There is evidence that at least two researchers, using CMIP models (whichever is the current model), are using SST data to drive a model (though they can’t use the data directly). Unfortunately, they are also bound by the model’s idealized input of 1% annual increasing CO2 instead of it being an output.
I am making educated guesses here but at least we now have model research using SST as the forcing on CMIP models:
“CFMIP Patterned SST forcing dataset”
A patterned SST forcing dataset is required for what was the amipFuture experiment in CFMIP-2/CMIP5, now called amip-pat-4K in CFMIP/CMIP6. This is a normalised multi-model ensemble mean of the ocean surface temperature response pattern (the change in ocean surface temperature (TOS) between years 0-20 and 140-160, the time of CO2 quadrupling in the 1% runs) from thirteen CMIP3 AOGCMs (cccma, cnrm, gfdlcm20, gfdlcm21, gisser, inmcm3, ipsl, miroc-medres, miub, mpi, mri, ncar-ccsm3, and ncar-pcm1.)

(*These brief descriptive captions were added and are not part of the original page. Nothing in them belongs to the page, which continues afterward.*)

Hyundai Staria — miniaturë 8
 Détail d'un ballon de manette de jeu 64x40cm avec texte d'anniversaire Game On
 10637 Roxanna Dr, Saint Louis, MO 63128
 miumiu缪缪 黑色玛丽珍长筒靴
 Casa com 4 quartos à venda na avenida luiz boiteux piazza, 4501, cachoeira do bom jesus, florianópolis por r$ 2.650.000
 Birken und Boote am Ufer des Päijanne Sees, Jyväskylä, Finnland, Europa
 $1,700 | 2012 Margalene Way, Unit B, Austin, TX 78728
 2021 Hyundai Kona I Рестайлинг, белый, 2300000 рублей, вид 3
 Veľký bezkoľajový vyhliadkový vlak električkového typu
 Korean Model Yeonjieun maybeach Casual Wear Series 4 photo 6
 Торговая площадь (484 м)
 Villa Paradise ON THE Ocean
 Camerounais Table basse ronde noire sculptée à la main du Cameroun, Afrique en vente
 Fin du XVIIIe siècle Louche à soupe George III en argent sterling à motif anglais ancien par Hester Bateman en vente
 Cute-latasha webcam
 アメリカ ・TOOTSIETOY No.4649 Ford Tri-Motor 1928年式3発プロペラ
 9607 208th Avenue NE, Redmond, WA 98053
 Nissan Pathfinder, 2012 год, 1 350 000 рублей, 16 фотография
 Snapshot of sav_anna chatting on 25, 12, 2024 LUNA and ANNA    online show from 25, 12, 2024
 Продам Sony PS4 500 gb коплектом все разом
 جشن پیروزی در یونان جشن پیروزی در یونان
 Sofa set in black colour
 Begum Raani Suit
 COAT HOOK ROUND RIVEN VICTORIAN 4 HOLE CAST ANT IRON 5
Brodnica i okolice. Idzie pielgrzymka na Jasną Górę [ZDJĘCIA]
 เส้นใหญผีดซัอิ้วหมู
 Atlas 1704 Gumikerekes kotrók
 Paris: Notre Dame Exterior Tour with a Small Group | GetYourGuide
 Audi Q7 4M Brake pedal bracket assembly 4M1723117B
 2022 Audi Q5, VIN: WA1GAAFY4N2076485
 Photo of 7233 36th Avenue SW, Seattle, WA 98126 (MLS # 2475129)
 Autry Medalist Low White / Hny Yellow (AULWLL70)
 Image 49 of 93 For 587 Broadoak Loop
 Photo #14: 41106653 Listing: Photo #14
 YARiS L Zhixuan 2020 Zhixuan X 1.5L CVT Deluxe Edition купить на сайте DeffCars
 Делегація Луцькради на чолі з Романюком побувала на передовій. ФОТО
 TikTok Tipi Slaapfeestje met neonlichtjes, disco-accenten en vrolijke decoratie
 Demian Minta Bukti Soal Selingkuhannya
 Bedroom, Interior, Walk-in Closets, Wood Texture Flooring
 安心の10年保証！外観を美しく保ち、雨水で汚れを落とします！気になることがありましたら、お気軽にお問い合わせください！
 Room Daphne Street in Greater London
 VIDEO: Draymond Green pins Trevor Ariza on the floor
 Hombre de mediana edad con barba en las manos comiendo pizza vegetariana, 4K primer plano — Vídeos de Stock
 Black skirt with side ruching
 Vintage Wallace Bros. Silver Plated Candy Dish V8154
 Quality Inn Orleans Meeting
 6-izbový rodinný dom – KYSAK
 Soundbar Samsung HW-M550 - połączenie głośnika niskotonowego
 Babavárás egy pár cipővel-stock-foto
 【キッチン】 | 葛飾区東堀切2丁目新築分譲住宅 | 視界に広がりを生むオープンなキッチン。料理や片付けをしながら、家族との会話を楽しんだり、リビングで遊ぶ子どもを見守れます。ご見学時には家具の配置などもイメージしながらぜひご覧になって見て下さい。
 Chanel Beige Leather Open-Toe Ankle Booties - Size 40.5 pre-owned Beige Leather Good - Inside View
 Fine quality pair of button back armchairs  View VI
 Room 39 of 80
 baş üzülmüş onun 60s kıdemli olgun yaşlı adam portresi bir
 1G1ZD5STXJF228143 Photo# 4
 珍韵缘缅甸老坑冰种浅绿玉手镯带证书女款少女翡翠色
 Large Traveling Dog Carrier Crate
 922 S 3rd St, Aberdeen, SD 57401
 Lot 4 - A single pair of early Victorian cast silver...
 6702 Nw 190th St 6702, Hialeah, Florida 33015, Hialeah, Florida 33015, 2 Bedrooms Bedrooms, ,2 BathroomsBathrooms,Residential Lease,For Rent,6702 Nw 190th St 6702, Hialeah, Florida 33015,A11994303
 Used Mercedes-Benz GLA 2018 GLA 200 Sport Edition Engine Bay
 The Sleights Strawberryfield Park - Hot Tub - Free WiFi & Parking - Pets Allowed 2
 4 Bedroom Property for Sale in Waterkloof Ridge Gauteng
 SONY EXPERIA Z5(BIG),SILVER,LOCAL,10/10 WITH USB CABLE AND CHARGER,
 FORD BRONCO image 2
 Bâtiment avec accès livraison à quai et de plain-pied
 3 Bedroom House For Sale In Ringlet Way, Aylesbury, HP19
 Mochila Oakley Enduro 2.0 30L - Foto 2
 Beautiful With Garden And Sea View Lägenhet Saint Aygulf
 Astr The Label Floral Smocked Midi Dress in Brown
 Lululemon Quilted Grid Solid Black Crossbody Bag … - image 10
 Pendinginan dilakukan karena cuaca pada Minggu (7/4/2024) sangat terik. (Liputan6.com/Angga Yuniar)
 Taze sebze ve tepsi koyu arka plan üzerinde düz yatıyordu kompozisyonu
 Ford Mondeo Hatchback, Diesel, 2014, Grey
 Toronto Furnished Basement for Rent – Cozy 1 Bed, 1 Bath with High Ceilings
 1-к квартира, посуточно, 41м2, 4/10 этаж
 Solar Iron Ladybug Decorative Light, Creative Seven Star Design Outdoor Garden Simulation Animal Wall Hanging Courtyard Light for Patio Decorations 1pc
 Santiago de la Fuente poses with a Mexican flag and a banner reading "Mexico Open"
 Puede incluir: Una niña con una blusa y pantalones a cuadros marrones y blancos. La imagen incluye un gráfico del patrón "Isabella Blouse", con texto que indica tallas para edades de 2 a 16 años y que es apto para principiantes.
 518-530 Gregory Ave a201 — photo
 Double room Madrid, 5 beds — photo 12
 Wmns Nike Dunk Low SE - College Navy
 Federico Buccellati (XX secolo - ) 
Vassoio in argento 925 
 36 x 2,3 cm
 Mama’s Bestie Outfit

http://cfmip.metoffice.com/CMIP6.html
What the design is, I think, is to compare the two outcomes, the regularly forced model output (which has already been done and is available to researchers as the control), and an SST forced run. This one should be interesting.
Hi Pamela,
I did that SST-forced model run for you.
See my plots above, at
https://wattsupwiththat.com/2016/07/04/in-honor-of-the-4th-of-july-a-few-model-data-comparisons-of-contiguous-u-s-surface-air-temperatures/comment-page-1/#comment-2252543
and
https://wattsupwiththat.com/2016/07/04/in-honor-of-the-4th-of-july-a-few-model-data-comparisons-of-contiguous-u-s-surface-air-temperatures/comment-page-1/#comment-2253260
As you can see, the equation is extremely complicated, and requires the very latest in computing power, the new “Son of Cray” computer (in Scottish Gaelic “MacCray”).
The R2 for the two plots (after 1Jan1996) is 0.55 – not bad for two unrelated natural datasets.
Of course we all KNOW that CO2 drives temperature, so it must be spurious correlation.